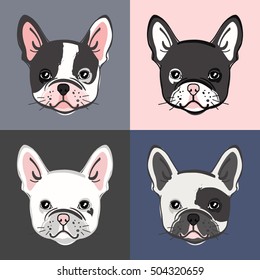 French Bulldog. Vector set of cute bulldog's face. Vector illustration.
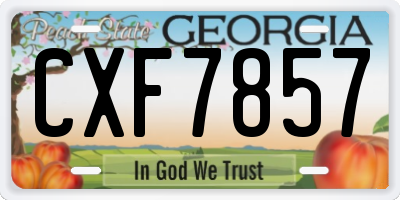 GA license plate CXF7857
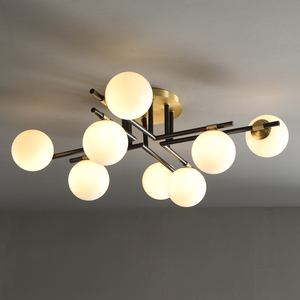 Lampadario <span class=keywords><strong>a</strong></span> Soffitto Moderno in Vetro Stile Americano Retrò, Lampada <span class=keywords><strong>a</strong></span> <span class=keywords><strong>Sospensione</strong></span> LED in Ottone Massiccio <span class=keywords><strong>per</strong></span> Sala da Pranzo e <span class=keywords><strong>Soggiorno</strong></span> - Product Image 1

○ ○ ○ ○ ○

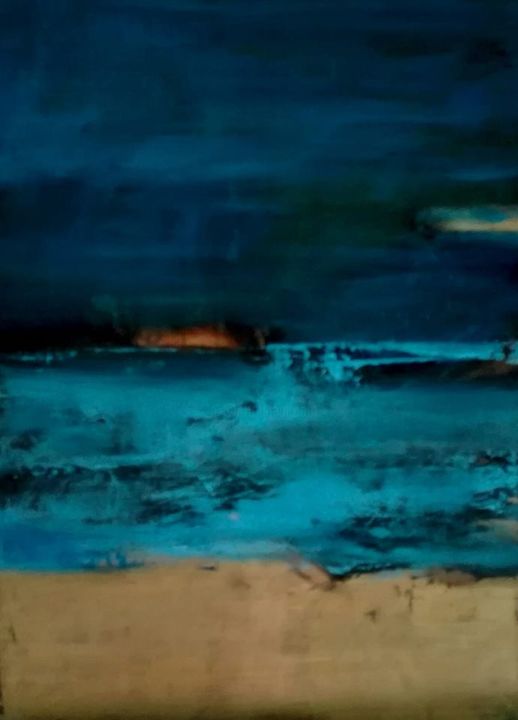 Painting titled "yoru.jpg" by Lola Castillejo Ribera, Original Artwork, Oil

○ ○ ○ ○ ○

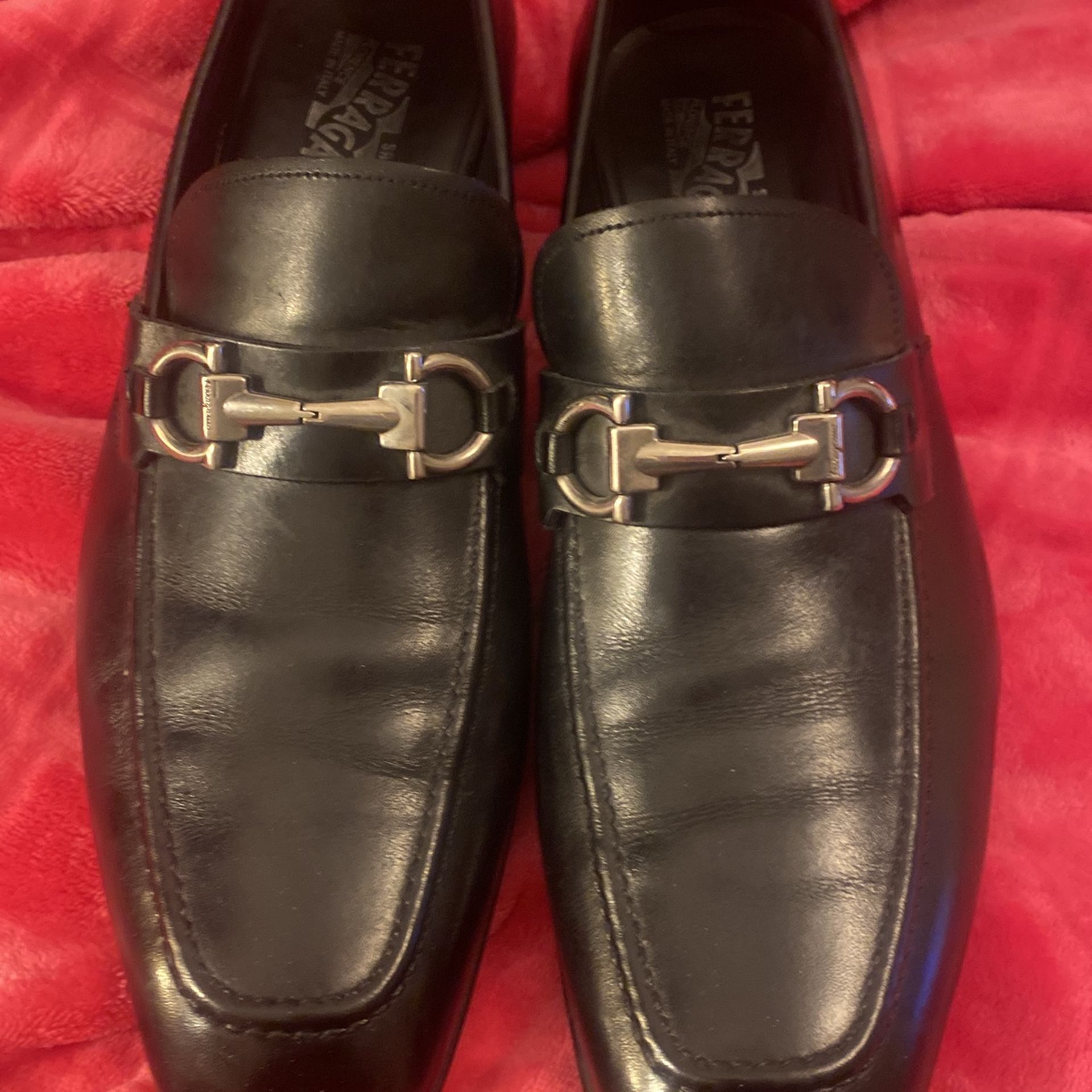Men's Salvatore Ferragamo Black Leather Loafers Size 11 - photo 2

○ ○ ○ ○ ○

◆ About this task ◆
Although the records above contain pictures, the copy should not; retype exactly the lines from the one containing "French Bulldog. Vector" through the one containing "Lampadario <span class=keywords><strong>a</strong></span>".

◆ Exercise solution ◆
 French Bulldog. Vector set of cute bulldog's face. Vector illustration.
 GA license plate CXF7857
 Lampadario <span class=keywords><strong>a</strong></span> Soffitto Moderno in Vetro Stile Americano Retrò, Lampada <span class=keywords><strong>a</strong></span> <span class=keywords><strong>Sospensione</strong></span> LED in Ottone Massiccio <span class=keywords><strong>per</strong></span> Sala da Pranzo e <span class=keywords><strong>Soggiorno</strong></span> - Product Image 1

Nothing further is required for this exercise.